EXERCISE REQUIREMENTS: Copy the listing below exactly. Pictures stay out of it.

DATA EXTRACT:
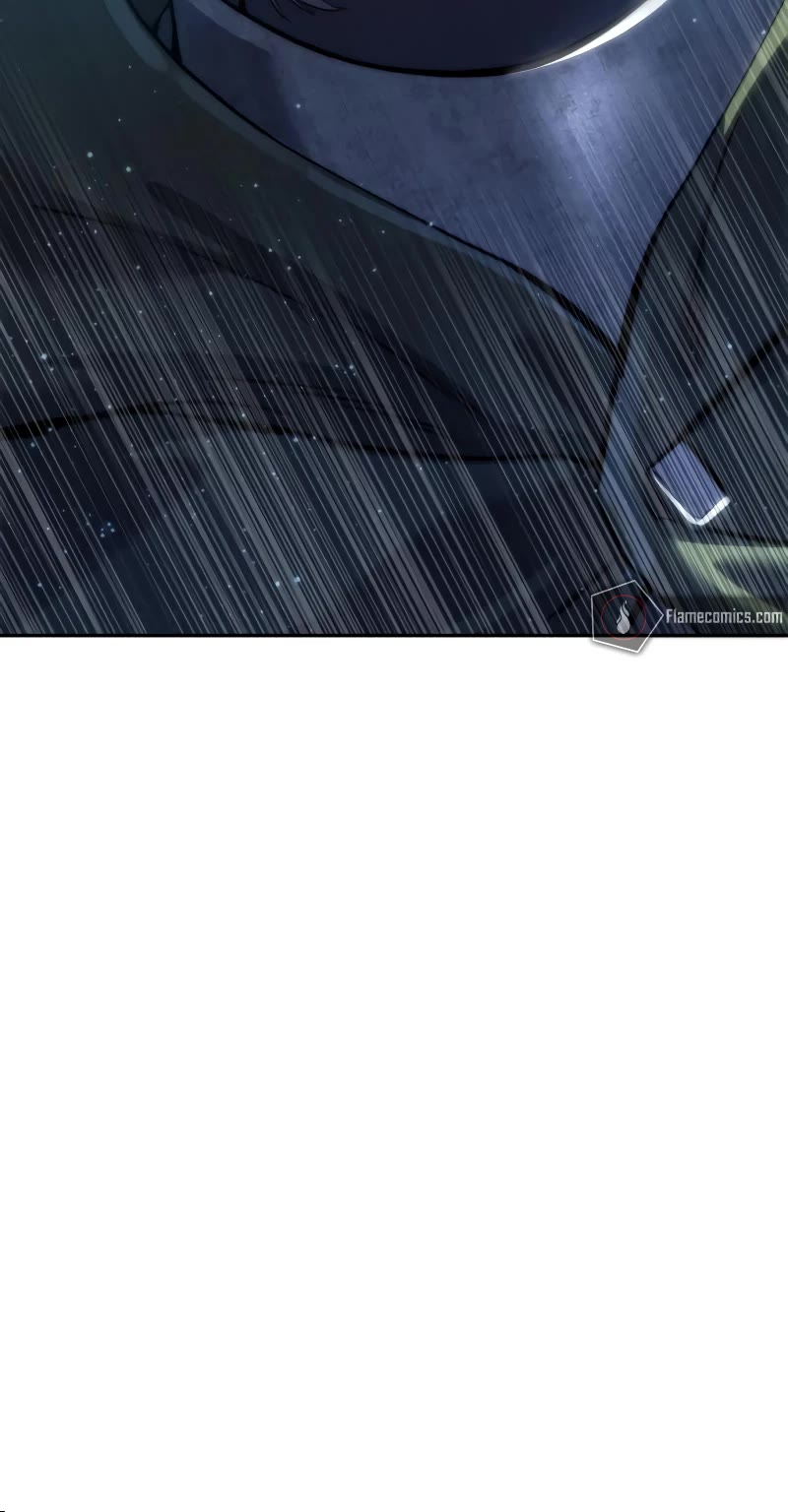 Star-Fostered Swordmaster chapter 54 page 64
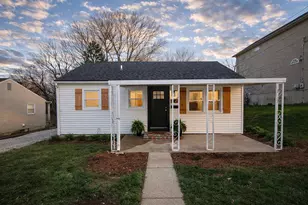 617 Bedinger St, Elsmere, KY 41018 - Photo 18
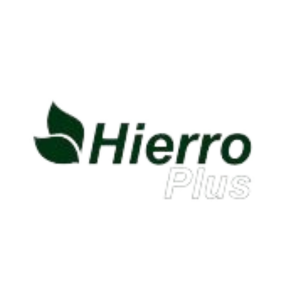 hierroplus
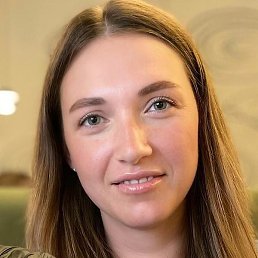 ������, �����������, 27 ���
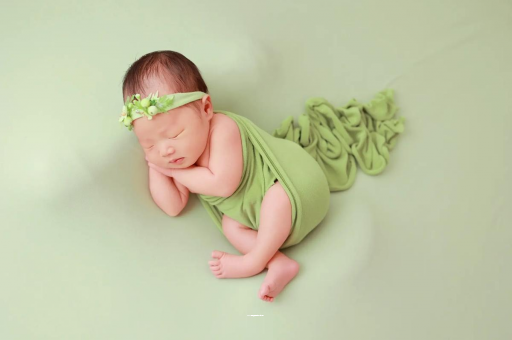 福安2024香港助孕医院前十榜单揭晓 福安2024香港助孕医院前十榜单揭晓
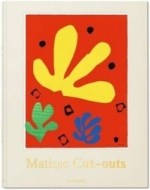 Matisse Cut-outs - cena, porovnanie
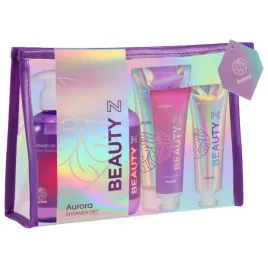 aurora-zestaw-prezentowy-beauty-z-piwonia-and-roza-kosmetyczka-5-produktow
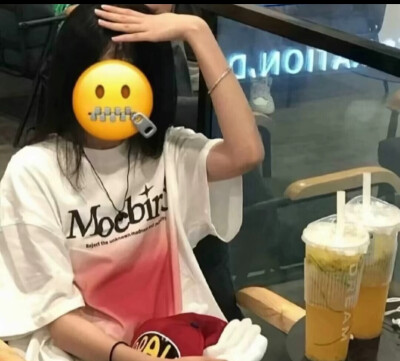 真人头像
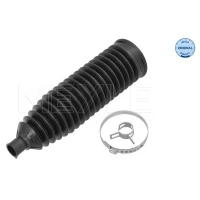 OSŁONA DRĄŻKA KIEROWNICZEGO SRB861725ML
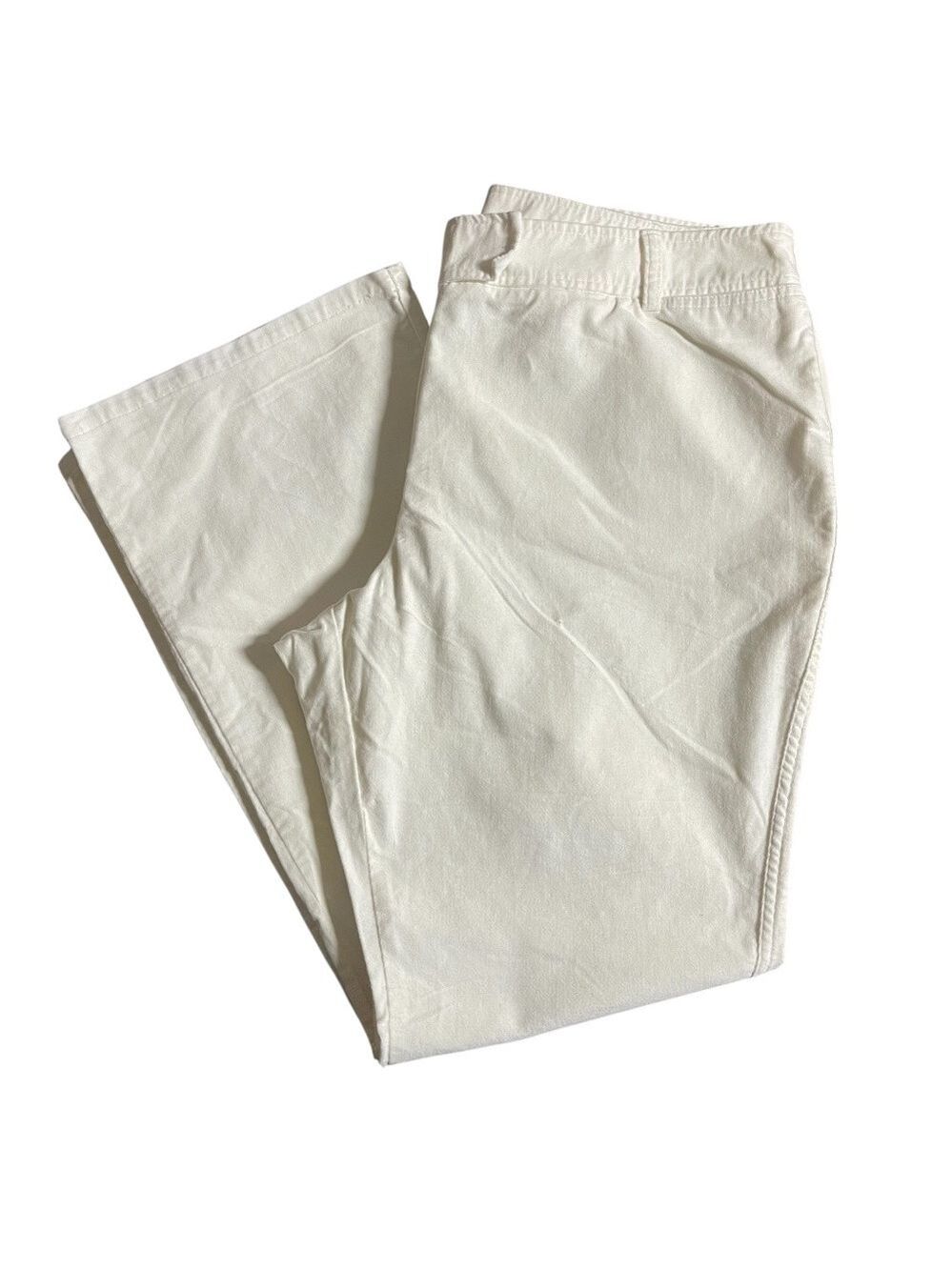 Style & Co. Plus Size Pants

SOLUTION FOR THIS EXERCISE:
 Star-Fostered Swordmaster chapter 54 page 64
 617 Bedinger St, Elsmere, KY 41018 - Photo 18
 hierroplus
 ������, �����������, 27 ���
 福安2024香港助孕医院前十榜单揭晓 福安2024香港助孕医院前十榜单揭晓
 Matisse Cut-outs - cena, porovnanie
 aurora-zestaw-prezentowy-beauty-z-piwonia-and-roza-kosmetyczka-5-produktow
 真人头像
 OSŁONA DRĄŻKA KIEROWNICZEGO SRB861725ML
 Style & Co. Plus Size Pants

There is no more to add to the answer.